Department of Cancer Research, Merck Research Laboratories, Rahway, NJ 07065, USA.

出版信息

Cancer Biol Ther. 2010 Apr 1;9(7):493-503. doi: 10.4161/cbt.9.7.11100.

DOI:10.4161/cbt.9.7.11100
PMID:20139722
原文链接:https://pmc.ncbi.nlm.nih.gov/articles/PMC2987445/
Abstract

The PI3K-Akt pathway is dysregulated in the majority of solid tumors. Pharmacological inhibition of Akt is a promising strategy for treating tumors resistant to growth factor receptor antagonists due to mutations in PI3K or PTEN. We have developed allosteric, isozyme-specific inhibitors of Akt activity and activation, as well as ex vivo kinase assays to measure inhibition of individual Akt isozymes in tissues. Here we describe the relationship between PK, Akt inhibition, hyperglycemia and tumor efficacy for a selective inhibitor of Akt1 and Akt2 (AKTi). In nude mice, AKTi treatment caused transient insulin resistance and reversible, dose-dependent hyperglycemia and hyperinsulinemia. Akt1 and Akt2 phosphorylation was inhibited in mouse lung with EC50 values of 1.6 and 7 μM, respectively, and with similar potency in other tissues and xenograft tumors. Weekly subcutaneous dosing of AKTi resulted in dose-dependent inhibition of LNCaP prostate cancer xenografts, an AR-dependent tumor with PTEN deletion and constitutively activated Akt. Complete tumor growth inhibition was achieved at 200 mpk, a dose that maintained inhibition of Akt1 and Akt2 of greater than 80% and 50%, respectively, for at least 12 hours in xenograft tumor and mouse lung.
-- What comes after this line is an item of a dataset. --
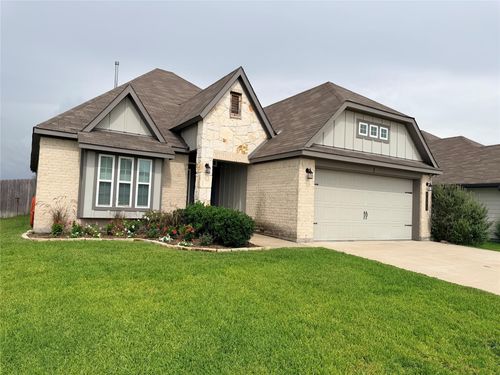 2079 Muscadine Trl, Brenham, TX, 77833-5121 | Card Image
Hyperglycemia could be controlled by reducing C(max), while maintaining efficacy in the LNCaP model, but not by insulin administration. AKTi treatment was well tolerated, without weight loss or gross toxicities. These studies supported the rationale for clinical development of allosteric Akt inhibitors and provide the basis for further refining of pharmacokinetic properties and dosing regimens of this class of inhibitors.

摘要

PI3K-Akt 通路在大多数实体瘤中失调。由于 PI3K 或 PTEN 的突变,抑制 Akt 的药理学方法是治疗对生长因子受体拮抗剂耐药的肿瘤的一种有前途的策略。我们已经开发了 Akt 活性和激活的变构、同工酶特异性抑制剂,以及用于测量组织中单个 Akt 同工酶抑制的离体激酶测定法。在这里,我们描述了 PK、Akt 抑制、高血糖与 Akt1 和 Akt2(AKTi)选择性抑制剂的肿瘤疗效之间的关系。在裸鼠中,AKTi 治疗导致短暂的胰岛素抵抗和可逆的、剂量依赖性的高血糖和高胰岛素血症。Akt1 和 Akt2 的磷酸化在小鼠肺中被抑制,EC50 值分别为 1.6 和 7 μM,在其他组织和异种移植肿瘤中具有相似的效力。每周皮下给予 AKTi 导致 LNCaP 前列腺癌异种移植瘤的剂量依赖性抑制,这是一种 AR 依赖性肿瘤,具有 PTEN 缺失和持续激活的 Akt。在 200mpk 的剂量下,完全抑制肿瘤生长,该剂量在异种移植肿瘤和小鼠肺中至少 12 小时内保持 Akt1 和 Akt2 的抑制率大于 80%和 50%。通过降低 Cmax 可以控制高血糖,同时保持 LNCaP 模型中的疗效,但不能通过胰岛素给药。AKTi 治疗耐受性良好,无体重减轻或明显毒性。这些研究支持开发变构 Akt 抑制剂的临床研究,并为进一步优化此类抑制剂的药代动力学特性和剂量方案提供了依据。